The observers who denounce his self-obsession are missing this critical connection. It stems from his own profound insecurity, and his identification as a resentful social outsider who has never had the respect he craves from America’s elite.
It electrifies his base because they are being respected by someone who embodies what they aspire to. The Californian academic Joan Williams, in her book White Working Class, makes clear just how much this group dislike salaried professionals and how they feel patronised and despised by lawyers, doctors and government employees. They are contemptuous of the anxious conformity of the professionally employed, infinitely preferring the rugged independence of people who are their own bosses and are free to speak their own minds.
They don’t want to change their culture. Their aspiration is to keep their own network of friends, family and way of life, but with added wealth. Trump, with his crudity, defence of civil war statues, fondness for gilt furniture, burgers and rewarding his family with high-powered jobs, represents their dream.

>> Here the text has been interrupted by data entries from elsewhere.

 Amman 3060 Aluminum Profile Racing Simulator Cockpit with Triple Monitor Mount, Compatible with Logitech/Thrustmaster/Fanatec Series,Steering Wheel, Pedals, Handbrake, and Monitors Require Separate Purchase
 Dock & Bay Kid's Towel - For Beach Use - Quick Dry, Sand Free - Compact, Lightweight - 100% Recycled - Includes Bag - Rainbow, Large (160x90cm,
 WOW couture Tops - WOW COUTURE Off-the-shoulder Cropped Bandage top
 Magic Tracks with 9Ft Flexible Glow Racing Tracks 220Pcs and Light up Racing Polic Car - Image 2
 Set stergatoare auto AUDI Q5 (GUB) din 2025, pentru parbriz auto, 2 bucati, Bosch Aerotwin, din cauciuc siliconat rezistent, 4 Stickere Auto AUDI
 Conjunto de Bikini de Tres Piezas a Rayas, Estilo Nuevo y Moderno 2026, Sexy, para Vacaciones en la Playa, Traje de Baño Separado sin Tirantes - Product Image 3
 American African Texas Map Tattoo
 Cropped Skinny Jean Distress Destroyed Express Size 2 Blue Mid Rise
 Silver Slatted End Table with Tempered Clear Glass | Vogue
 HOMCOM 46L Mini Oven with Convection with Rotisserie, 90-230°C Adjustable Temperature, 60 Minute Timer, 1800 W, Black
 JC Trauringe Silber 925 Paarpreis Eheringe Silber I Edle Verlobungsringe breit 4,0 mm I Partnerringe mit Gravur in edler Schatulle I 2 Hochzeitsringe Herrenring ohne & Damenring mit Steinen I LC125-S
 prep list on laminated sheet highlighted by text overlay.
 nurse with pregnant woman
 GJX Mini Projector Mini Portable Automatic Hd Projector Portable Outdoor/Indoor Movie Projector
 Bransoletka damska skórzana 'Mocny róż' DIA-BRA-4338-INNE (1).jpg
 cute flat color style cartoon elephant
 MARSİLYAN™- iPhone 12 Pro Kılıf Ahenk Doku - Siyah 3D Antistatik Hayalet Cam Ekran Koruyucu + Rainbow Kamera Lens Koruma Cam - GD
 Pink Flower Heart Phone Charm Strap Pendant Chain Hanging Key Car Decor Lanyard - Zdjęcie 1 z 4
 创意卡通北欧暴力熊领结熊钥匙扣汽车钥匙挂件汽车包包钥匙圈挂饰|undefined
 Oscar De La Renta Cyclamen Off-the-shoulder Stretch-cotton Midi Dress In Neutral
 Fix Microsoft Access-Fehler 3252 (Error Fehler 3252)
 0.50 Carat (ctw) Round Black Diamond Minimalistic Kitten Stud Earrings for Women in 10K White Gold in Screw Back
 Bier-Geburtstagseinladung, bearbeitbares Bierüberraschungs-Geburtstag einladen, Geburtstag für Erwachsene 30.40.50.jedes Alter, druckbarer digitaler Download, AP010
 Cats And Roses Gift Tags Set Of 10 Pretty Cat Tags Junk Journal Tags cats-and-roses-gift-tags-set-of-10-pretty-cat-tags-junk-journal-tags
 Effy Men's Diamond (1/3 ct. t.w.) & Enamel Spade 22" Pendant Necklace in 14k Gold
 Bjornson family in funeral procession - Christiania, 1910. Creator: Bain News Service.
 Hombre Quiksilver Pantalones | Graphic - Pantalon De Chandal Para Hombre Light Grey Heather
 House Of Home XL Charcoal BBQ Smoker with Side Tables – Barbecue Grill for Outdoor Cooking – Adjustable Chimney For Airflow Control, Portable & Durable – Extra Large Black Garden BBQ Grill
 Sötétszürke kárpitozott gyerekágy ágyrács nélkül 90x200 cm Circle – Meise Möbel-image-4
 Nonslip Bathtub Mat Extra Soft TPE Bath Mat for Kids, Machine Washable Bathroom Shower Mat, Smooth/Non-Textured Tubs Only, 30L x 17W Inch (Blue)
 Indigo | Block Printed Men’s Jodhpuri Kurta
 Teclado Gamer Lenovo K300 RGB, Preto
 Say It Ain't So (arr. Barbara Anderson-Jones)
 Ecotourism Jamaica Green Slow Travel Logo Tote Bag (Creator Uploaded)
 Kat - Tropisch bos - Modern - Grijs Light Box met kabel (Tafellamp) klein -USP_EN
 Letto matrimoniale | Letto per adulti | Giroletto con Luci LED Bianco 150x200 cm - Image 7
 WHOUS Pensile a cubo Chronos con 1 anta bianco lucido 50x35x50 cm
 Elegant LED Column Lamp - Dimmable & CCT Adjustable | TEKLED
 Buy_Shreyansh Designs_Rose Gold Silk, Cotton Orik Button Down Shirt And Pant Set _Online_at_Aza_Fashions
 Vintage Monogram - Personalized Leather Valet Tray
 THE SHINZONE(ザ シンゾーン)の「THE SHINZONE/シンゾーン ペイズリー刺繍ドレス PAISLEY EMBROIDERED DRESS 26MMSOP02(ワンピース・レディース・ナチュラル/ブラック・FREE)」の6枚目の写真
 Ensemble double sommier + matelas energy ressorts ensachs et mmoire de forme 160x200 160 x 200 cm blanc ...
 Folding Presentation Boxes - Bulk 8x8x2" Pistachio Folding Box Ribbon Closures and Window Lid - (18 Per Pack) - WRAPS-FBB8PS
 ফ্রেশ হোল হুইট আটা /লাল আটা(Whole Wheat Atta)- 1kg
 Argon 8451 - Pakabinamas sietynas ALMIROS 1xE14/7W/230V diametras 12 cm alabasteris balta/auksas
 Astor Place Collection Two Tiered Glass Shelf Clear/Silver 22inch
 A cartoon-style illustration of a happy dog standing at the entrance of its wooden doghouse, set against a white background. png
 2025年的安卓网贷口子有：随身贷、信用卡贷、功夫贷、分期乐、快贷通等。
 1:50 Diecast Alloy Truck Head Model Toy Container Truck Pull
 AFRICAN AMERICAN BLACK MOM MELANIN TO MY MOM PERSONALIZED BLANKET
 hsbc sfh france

Everything that incenses liberals about that behaviour is further proof to this group that Trump is their man and that they are his team. Liberals’ denunciations of him are implicit criticisms of them, their values and their choices, and threaten their self-respect. They double down behind the president and blame the media or “the swamp” for any setbacks. Gallup reports that even after the chaos and scandals of this year, Trump’s support among Republicans has only fallen by 12 percentage points. Almost half his base would back him even if he shot someone.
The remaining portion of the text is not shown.